- Drugie przestępstwo, które jest zarzucane Markowi H. to udzialanie świadczeń zdrowotnych bez uprawnień. W tej sprawie odbyło się 5 rozpraw, na których sąd przesłuchał kilkunastu świadków. Na te rozprawy oskarżony nie przychodzi. Stawiają się na nich jego obrońcy – mówi Bogdan Kijak, rzecznik sądu okręgowego w Nowym Sączu.

Porad lekarskich bez wymaganych zezwoleń Marek H. miał udzielać od 2005 roku do maja 2014 roku. Znachorowi grozi do 5 lat więzienia. Dzisiejsza rozprawa rozpoczęła się o godz. 9.30. 

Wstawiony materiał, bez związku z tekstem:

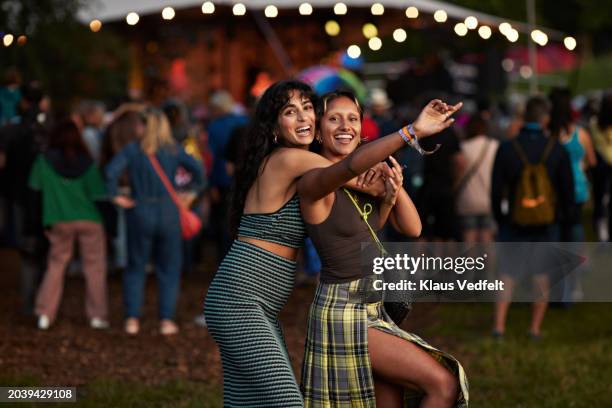 cheerful woman hugging female friend at concert - personas concierto fotografías e imágenes de stock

Pod salę rozpraw przyszło kilkunastu zwolenników znachora. "Będziemy przychodzić na każdą rozprawę, bo tylko w ten sposób możemy wspierać Marka H." - mówili. Jak podkreślali, śmierć Magdy z Brzeznej nie jest winą Marka H. "Jest niewinny. On dużo pomógł ludziom. Dlatego tu jesteśmy. Będziemy tu przychodzić do końca. Dzięki panu Markowi chodzę po świecie" - mówili.

Sam znachor nie stawił się na rozprawie.